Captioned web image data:
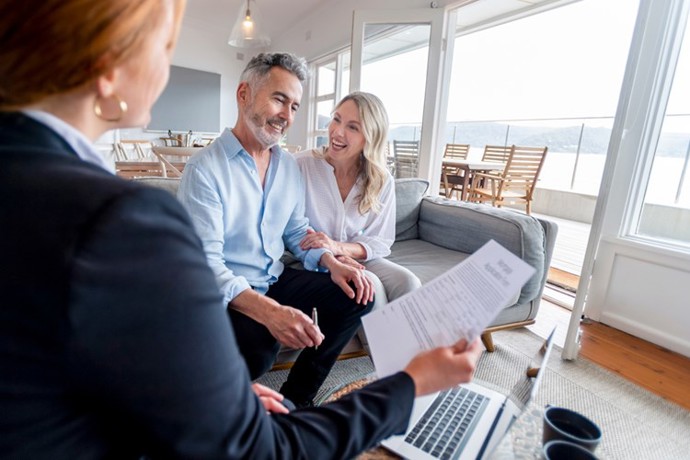 A couple talking to their insurance advisor.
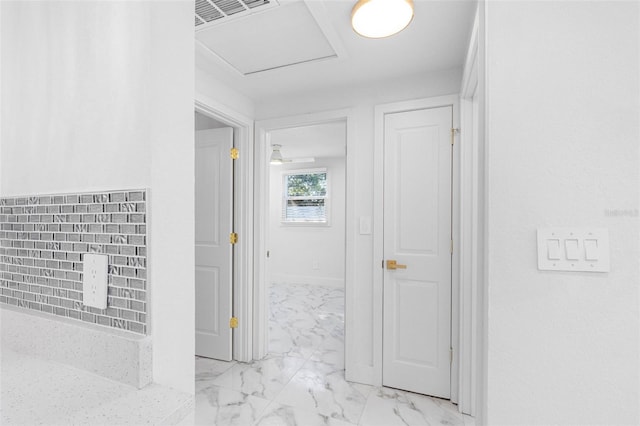 hall featuring attic access, marble finish floor, visible vents, and baseboards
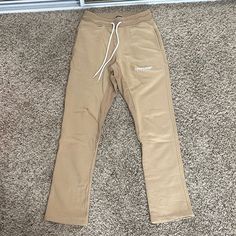 Brand New Never Worn Originally $130+ Slight Flare At Bottom Waist: 14” (Stretchy) Inseam: 30.5” Feel Free To Send Me An Offer! I Will Ship Out The Same Or Next Day Of Purchase! (: Fitted Bottoms With Straight Hem For Streetwear, Beige Tapered Leg Bottoms For Streetwear, Sporty Cream Pants With Pockets, Sporty Beige Straight Leg Bottoms, Fitted Beige Pants For Streetwear, Sporty Beige Streetwear Bottoms, Sporty Beige Trousers, Beige Cotton Athleisure Pants, Stretch Beige Bottoms For Streetwear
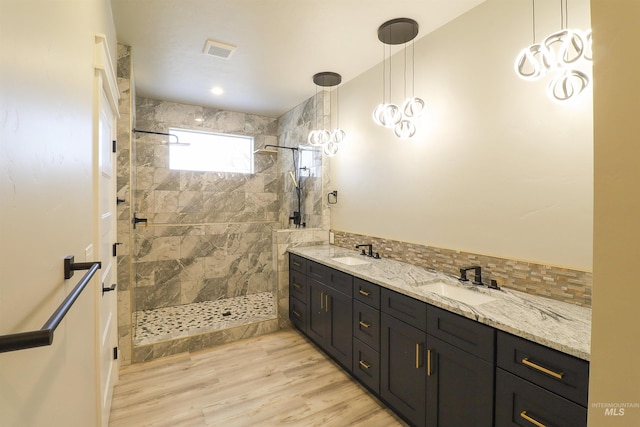 bathroom featuring vanity, tiled shower, hardwood / wood-style floors, and decorative backsplash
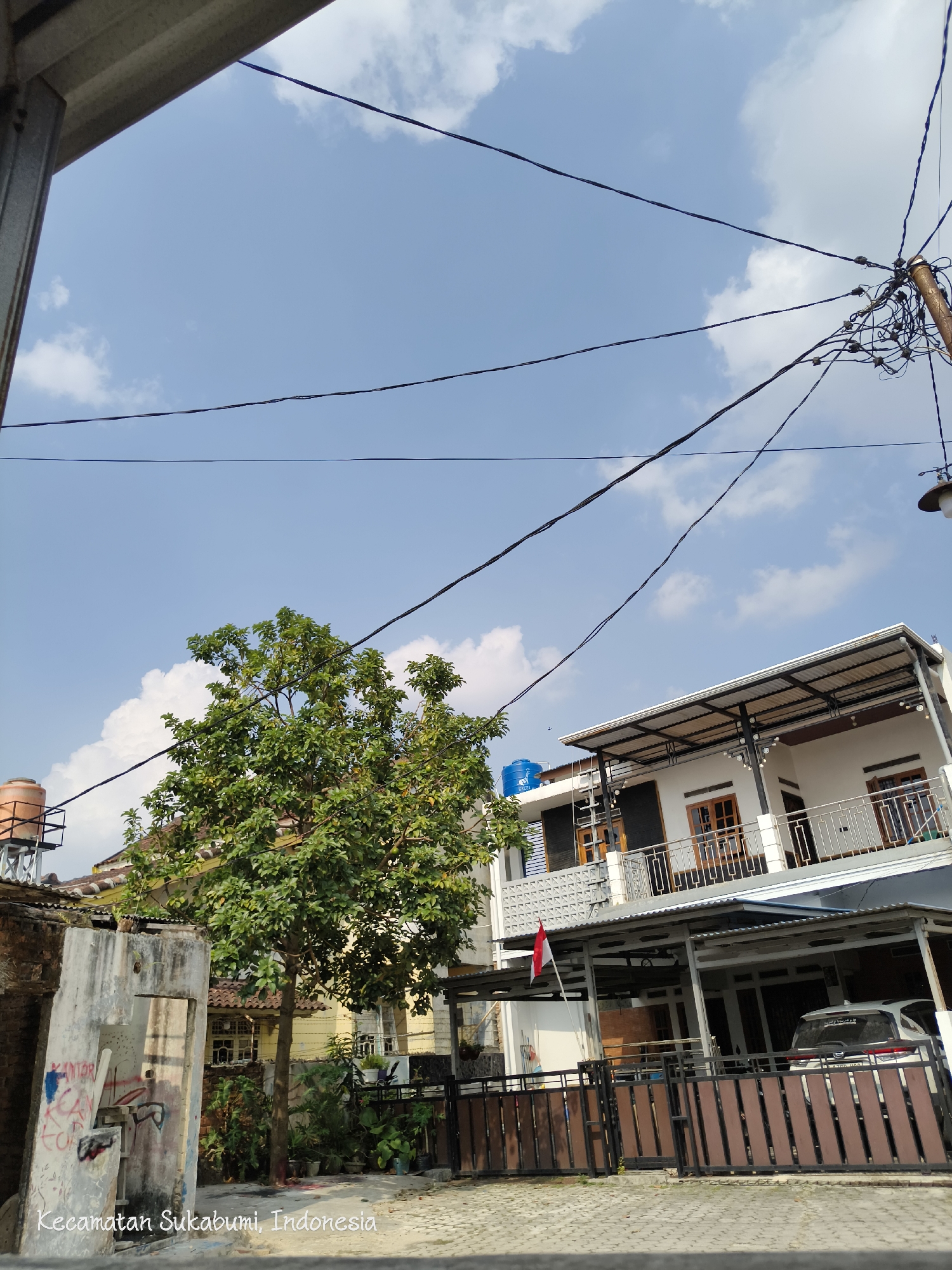 The image captures a street scene in Sukabumi District, Indonesia, under a bright blue sky with scattered white clouds. Overhead, a complex network of black electrical wires crisscrosses the frame, supported by a utility pole on the right. In the foreground, a paved road leads towards a modern two-story white house with a metal-roofed carport. The house features wooden-framed windows and doors, and a balcony on the upper floor. A white car is parked under the carport. To the left of the house, a lush green tree stands tall. Adjacent to the tree, a partially visible weathered concrete structure with graffiti is present. Further to the left, a water tank is visible on a metal frame atop a building. The scene is static, with no people or animals actively engaged in any discernible actions. The environment suggests a residential area in an urban or semi-urban setting.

• [What the task asks] The records are to be duplicated in full and exactly, with images left out.

• [Worked solution]
 A couple talking to their insurance advisor.
 hall featuring attic access, marble finish floor, visible vents, and baseboards
 Brand New Never Worn Originally $130+ Slight Flare At Bottom Waist: 14” (Stretchy) Inseam: 30.5” Feel Free To Send Me An Offer! I Will Ship Out The Same Or Next Day Of Purchase! (: Fitted Bottoms With Straight Hem For Streetwear, Beige Tapered Leg Bottoms For Streetwear, Sporty Cream Pants With Pockets, Sporty Beige Straight Leg Bottoms, Fitted Beige Pants For Streetwear, Sporty Beige Streetwear Bottoms, Sporty Beige Trousers, Beige Cotton Athleisure Pants, Stretch Beige Bottoms For Streetwear
 bathroom featuring vanity, tiled shower, hardwood / wood-style floors, and decorative backsplash
 The image captures a street scene in Sukabumi District, Indonesia, under a bright blue sky with scattered white clouds. Overhead, a complex network of black electrical wires crisscrosses the frame, supported by a utility pole on the right. In the foreground, a paved road leads towards a modern two-story white house with a metal-roofed carport. The house features wooden-framed windows and doors, and a balcony on the upper floor. A white car is parked under the carport. To the left of the house, a lush green tree stands tall. Adjacent to the tree, a partially visible weathered concrete structure with graffiti is present. Further to the left, a water tank is visible on a metal frame atop a building. The scene is static, with no people or animals actively engaged in any discernible actions. The environment suggests a residential area in an urban or semi-urban setting.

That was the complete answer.